Petit détour historique : comment les méthodes de pesée des emplois ont émergé

Au début du XXe siècle, l’essor des grandes industries transforme profondément le rapport au travail. Sous l’impulsion de penseurs comme Taylor ou Ford, les organisations cherchent à standardiser, rationaliser et optimiser les tâches. On commence alors à mesurer avec précision le rendement des postes. Ce rendement devient la base de la rémunération : un système souvent qualifié de « salaire au mérite », très directement lié à la productivité observée.

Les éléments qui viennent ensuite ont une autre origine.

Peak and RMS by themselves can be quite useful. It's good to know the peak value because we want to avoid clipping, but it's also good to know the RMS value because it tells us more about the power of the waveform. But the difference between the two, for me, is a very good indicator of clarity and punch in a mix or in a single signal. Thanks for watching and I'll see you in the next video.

Après la Seconde Guerre mondiale, cette logique centrée sur le rendement individuel est progressivement remplacée par des approches plus souples, globales et humaines. Les entreprises prennent conscience que la valeur d’un emploi ne dépend pas uniquement des gestes techniques, mais aussi de critères tels que le niveau de responsabilité, l’expertise, l’importance des interactions internes et externes ou encore la capacité à résoudre des problèmes complexes.

C’est dans ce contexte que naissent les grandes méthodes analytiques modernes, notamment :

  • La méthode HAY aux États-Unis, aujourd’hui mondialement utilisée ;
  • La méthode Parodi en France, largement déployée dans les années 1960–1980.

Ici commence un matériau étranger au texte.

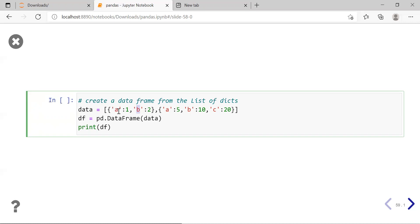When you have a list of dictionaries stored in a data variable and create a DataFrame from it, the column labels will be the keys of the dictionaries and the values will be the corresponding values. If a key is not present, then the value for that key in the DataFrame will be empty.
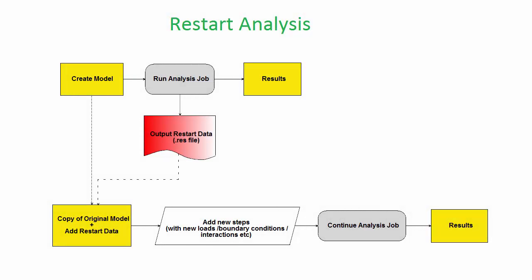Restart analyses are useful because they allow you to add another analysis step to a completed analysis job. This is very handy if your analyses take several hours or days to run, and you don't wish to add the new step to the original model and rerun the entire thing from scratch.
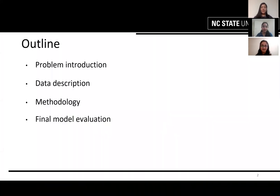For this presentation, we're going to go over our problem introduction, data description, methodology, and final model evaluation.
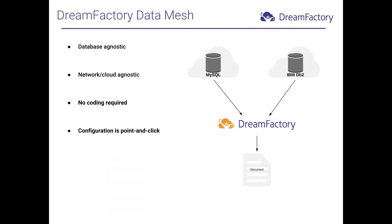Data Mesh allows you to combine data residing in multiple databases into a single response by way of a single API call. What's more, you're not restricted to merging data from a specific vendor, meaning you could combine data residing in two different databases of the same vendor, such as Postgres, or data residing in an IBM DB2 and a MySQL database, or a Microsoft SQL Server and Oracle database. Further, this capability is cloud agnostic, meaning these databases could reside in two entirely different networks or cloud environments.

Ces approches marquent un tournant : la rémunération commence à se fonder sur la valeur du poste, de l’emploi, et non plus uniquement sur la performance immédiate de l’individu.

Deux grandes familles de méthodes de classification : rangement vs analytique

Aujourd’hui, deux types de méthodes coexistent pour classer les emplois repères d’une organisation :

Les méthodes de rangement (ou méthodes « classantes »)

Souvent héritées des conventions collectives, ces méthodes consistent à classer les postes par « rang » ou par « catégorie », selon quelques critères simples. Elles présentent cependant plusieurs limites :

  • Peu de précision ;
  • Forte subjectivité ;
  • Peu adaptées aux organisations modernes ;
  • Orientées vers une logique de « statuts » plutôt que de compétences ou responsabilités.

Elles offrent une première structuration mais restent insuffisantes pour piloter une politique salariale moderne et équitable.

Les méthodes analytiques (ou « factorielles »)

Beaucoup plus utilisées dans les entreprises privées, les méthodes analytiques reposent sur l’évaluation détaillée et objective des emplois, à partir d’un ensemble de critères. Elles sont considérées comme :

  • Plus précises ;
  • Plus robustes ;
  • Plus représentatives de la réalité du travail ;
  • Plus efficaces pour structurer une grille des salaires.

C’est sur cette seconde famille que nous nous concentrons, car c’est elle qui permet d’établir une hiérarchie salariale cohérente et d’alimenter une classification des emplois fiable.

Les méthodes analytiques : cœur des politiques salariales modernes

Des critères pour évaluer objectivement chaque emploi

Les méthodes analytiques (ou « critérielles ») reposent en général, sur un ensemble de 6 à 12 critères d’évaluation, parmi lesquels on retrouve fréquemment :

  • Le niveau de formation requis ;
  • L’expérience nécessaire ;
  • Le degré de responsabilité ;
  • Le niveau d’autonomie ;
  • La complexité des tâches ;
  • L’étendue des interactions internes / externes ;
  • L’impact économique ou organisationnel du poste.

À chaque critère correspond plusieurs niveaux, eux-mêmes associés à un nombre de points. Lorsque l’on additionne l’ensemble des points obtenus pour un poste, on obtient sa « cote » totale.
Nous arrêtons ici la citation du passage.